# please i need help in solving these questions

#### help101

##### New Member
hi all, please can anyone help me

1. The internal auditing staff of an local manufacturing company performs a sample audit each quarter to estimate the proportion of accounts that are delinquent more than 90 days overdue. The historical records of the company show that over the past 8 years 13 % of accounts are delinquent. For this quarter, the auditing staff randomly selected 25 customer accounts. What is the probability the no more than 40 accounts will be classified as delinquent?

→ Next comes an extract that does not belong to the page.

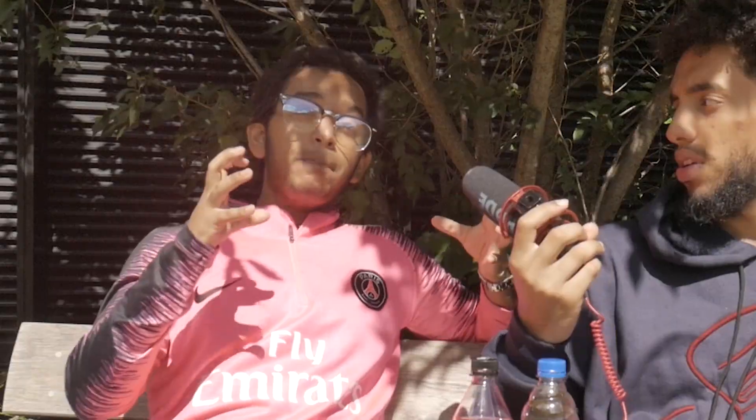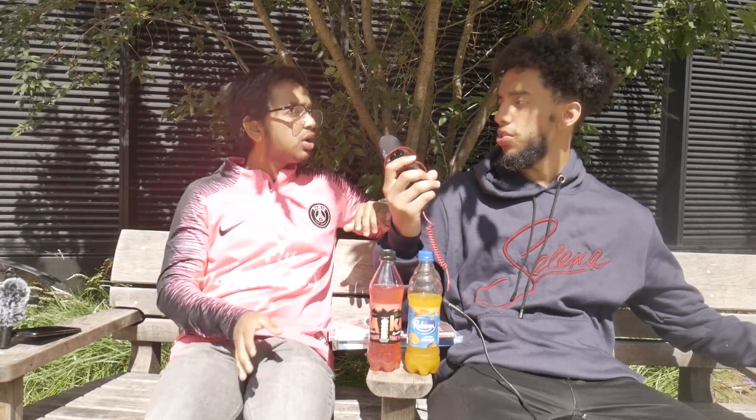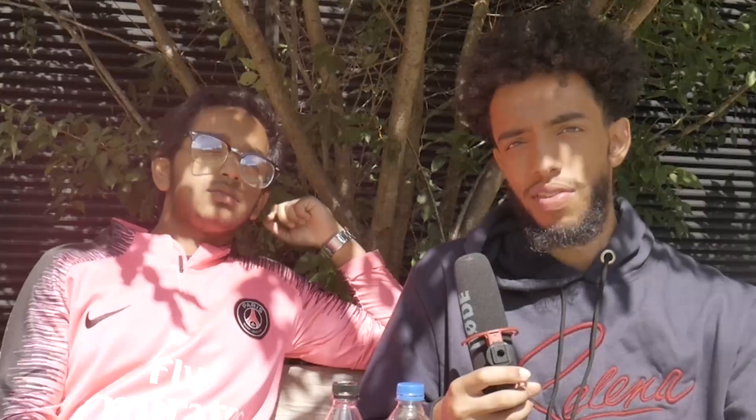So the textbooks are where you get your main core content alongside your teachers. For smaller revision material, there's a website called Exam Solutions — if you haven't heard of it, you need to. It has all specifications — not just Edexcel, but also OCR and AQA — and a breakdown of every past paper as well as every subtopic, for example vectors, integration, and differentiation.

2. A PH.D graduate has applied for a job with two universities, A and B. the graduate feels that she has a 60% chance of receiving an offer from university A, and a 50% chance of receiving an offer from university B. if she receives an offer from university B, she believes that she has an 80% chance of receiving an offer from university A:
- What the probability that both universities will make her an offer?
- What the probability that at least one university will make her an offer?

#### help101

##### New Member
question no.1 i didn't know to start
for the second question i solve it like this

p(A and B) = p(A) * p(A/B)= .6 * .8 = .48
p(A or B) = p(A) + p(B) - p(A and B) = .6 + .5 - .48 = .62 .... but i got zero

#### noetsi

##### Fortran must die
For this quarter, the auditing staff randomly selected 25 customer accounts. What is the probability the no more than 40 accounts will be classified as delinquent?
I would say the probability was zero because if you only surveyed 25 accounts you obviously can't find 40 accounts delinquent since 40 > 25

Are you sure you provided all the information from the question?

#### Dason

And for question 1 you might want to use the binomial distribution.

#### noetsi

##### Fortran must die
Well at least we found a case where p = o (in the original example)

#### help101

##### New Member
for 2 b
p(A or B) = p(A) + p(B) - p(A and B) = .6 + .5 - .40 = .7 right :\$

#### help101

##### New Member
no i know the binomial distribution.. and i tried to solve it and got this answer 90.15% but its wrong !!!

#### BGM

##### TS Contributor
The number looks close.

BTW why do you know it is wrong? You have the suggested solution?

#### BGM

##### TS Contributor
Yes I have verified that answer 92.07% in R once by normal approximation. Do you know how to do?